◆ Exercise requirements ◆
Images are to be omitted, and the rest of the records reproduced exactly.

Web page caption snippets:
++++

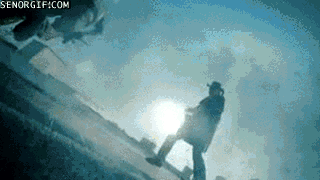 cheezburger video games fight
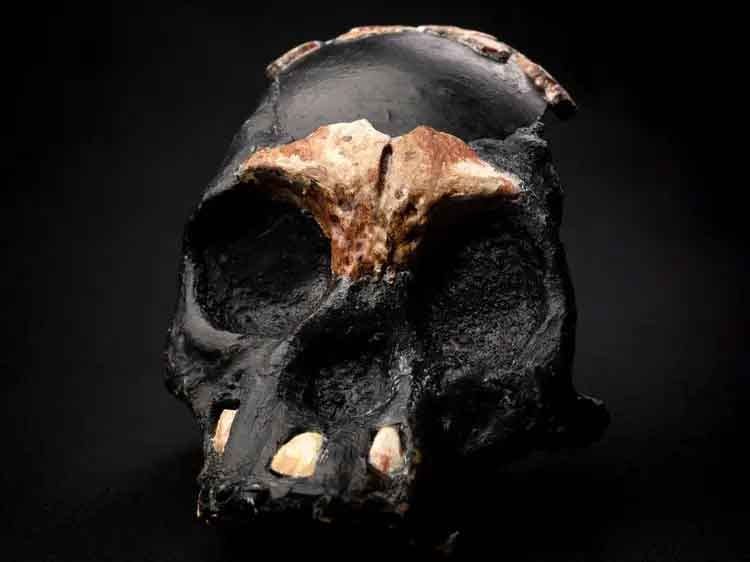 A reconstruction of a Homo naledi child skull with bone and teeth indicated. 
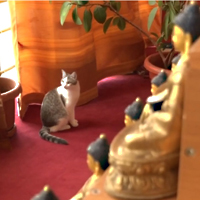Благословение кошек в буддийском храме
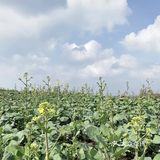 春天来了，吉祥如意报到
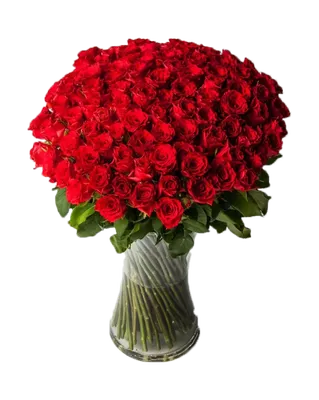 Букет из красных роз - доставка цветов в Праге и по всей Чехии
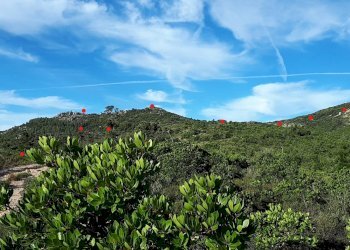 Foto 15 - Terreno agricolo Loc. Sualza, Berchidda - foto 15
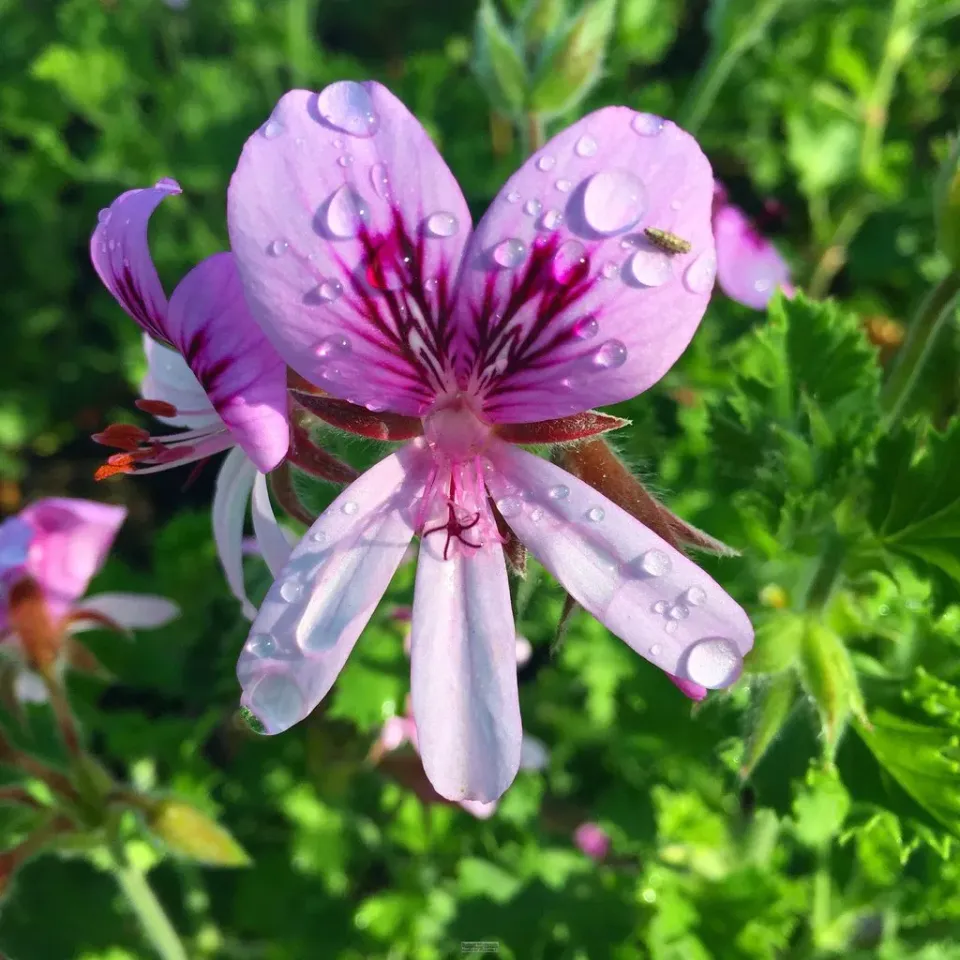 The Natural World Pelargonium crispum citroengeranium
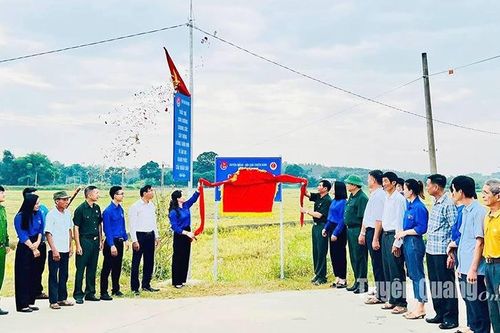 Thanh niên tham gia xây dựng nông thôn mới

++++

◆ Response box ◆
 cheezburger video games fight
 A reconstruction of a Homo naledi child skull with bone and teeth indicated. 
Благословение кошек в буддийском храме
 春天来了，吉祥如意报到
 Букет из красных роз - доставка цветов в Праге и по всей Чехии
 Foto 15 - Terreno agricolo Loc. Sualza, Berchidda - foto 15
 The Natural World Pelargonium crispum citroengeranium
 Thanh niên tham gia xây dựng nông thôn mới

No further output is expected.